◆ **TASK GOAL**:
State the number of lines in the listing that contain "Bedroom". No further words are expected.

◆ **DATA EXCERPTS**:
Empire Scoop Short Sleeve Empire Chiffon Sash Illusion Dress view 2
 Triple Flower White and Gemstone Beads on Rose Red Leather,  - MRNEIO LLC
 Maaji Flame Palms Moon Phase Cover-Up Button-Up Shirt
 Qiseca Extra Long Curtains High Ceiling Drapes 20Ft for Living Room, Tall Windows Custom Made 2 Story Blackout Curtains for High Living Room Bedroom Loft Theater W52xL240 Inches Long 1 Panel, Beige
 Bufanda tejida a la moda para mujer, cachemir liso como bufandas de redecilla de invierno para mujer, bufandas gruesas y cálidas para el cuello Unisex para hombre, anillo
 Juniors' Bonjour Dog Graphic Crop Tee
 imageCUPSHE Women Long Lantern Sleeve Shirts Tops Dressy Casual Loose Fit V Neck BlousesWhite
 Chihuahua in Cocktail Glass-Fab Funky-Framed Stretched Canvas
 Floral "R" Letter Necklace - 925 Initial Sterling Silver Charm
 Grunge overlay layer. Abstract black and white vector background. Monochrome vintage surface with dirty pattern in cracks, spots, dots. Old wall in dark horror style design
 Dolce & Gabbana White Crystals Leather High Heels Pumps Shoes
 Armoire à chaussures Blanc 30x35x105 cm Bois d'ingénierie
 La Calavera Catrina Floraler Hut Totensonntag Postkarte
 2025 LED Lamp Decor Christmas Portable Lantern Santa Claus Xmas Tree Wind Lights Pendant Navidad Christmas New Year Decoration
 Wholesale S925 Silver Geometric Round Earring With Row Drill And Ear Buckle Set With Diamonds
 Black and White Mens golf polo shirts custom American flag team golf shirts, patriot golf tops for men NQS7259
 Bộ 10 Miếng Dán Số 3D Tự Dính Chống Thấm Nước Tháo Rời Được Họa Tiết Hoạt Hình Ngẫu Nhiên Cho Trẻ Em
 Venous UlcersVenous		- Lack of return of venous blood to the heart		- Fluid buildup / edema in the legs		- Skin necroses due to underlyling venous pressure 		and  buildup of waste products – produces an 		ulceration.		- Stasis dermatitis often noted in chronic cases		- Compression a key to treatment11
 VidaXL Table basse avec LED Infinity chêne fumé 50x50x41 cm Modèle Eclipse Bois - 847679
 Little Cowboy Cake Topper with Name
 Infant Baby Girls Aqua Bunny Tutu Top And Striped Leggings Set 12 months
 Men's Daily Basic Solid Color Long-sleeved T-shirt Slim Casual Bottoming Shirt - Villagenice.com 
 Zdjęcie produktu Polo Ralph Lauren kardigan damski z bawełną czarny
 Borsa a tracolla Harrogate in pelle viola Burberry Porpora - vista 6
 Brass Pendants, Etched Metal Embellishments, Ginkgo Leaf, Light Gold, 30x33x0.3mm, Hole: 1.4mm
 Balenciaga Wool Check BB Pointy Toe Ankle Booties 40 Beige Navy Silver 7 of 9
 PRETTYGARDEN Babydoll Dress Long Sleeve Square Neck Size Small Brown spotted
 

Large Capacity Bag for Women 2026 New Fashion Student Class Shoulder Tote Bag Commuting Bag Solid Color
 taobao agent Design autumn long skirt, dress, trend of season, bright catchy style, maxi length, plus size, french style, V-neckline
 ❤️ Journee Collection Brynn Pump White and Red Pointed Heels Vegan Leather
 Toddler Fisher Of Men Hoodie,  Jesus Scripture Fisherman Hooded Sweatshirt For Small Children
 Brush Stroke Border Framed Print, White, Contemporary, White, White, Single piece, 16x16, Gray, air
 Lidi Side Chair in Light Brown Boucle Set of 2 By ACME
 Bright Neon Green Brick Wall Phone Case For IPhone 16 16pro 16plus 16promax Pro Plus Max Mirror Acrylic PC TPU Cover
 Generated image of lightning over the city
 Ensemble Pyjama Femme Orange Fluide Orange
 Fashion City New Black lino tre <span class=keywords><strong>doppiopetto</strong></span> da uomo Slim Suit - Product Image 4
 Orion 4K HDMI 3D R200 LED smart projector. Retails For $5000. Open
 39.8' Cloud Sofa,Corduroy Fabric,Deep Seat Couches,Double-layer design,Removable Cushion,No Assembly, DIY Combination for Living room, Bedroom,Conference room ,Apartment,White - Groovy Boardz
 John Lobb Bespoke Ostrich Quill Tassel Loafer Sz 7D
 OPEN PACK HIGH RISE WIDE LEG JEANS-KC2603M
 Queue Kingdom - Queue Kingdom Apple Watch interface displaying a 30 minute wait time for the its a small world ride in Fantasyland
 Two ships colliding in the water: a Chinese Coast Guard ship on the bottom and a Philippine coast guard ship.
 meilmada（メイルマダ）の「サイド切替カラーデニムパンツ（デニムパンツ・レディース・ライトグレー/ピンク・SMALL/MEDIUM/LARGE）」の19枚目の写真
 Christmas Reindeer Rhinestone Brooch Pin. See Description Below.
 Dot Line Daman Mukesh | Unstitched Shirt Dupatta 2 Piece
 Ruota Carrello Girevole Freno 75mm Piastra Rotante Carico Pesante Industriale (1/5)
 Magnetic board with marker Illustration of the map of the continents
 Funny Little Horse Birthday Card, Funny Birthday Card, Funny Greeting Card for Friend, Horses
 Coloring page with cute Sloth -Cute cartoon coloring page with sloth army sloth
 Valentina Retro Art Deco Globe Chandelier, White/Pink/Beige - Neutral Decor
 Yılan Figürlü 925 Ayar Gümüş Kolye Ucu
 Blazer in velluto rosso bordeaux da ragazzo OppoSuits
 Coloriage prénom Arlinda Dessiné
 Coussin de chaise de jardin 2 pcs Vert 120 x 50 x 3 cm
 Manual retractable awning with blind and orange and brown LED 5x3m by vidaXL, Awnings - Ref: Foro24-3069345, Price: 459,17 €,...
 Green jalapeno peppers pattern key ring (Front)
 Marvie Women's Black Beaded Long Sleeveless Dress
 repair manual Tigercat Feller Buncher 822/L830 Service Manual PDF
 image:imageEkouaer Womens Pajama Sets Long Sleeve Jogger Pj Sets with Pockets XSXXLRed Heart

◆ **EXERCISE OUTPUT**:
2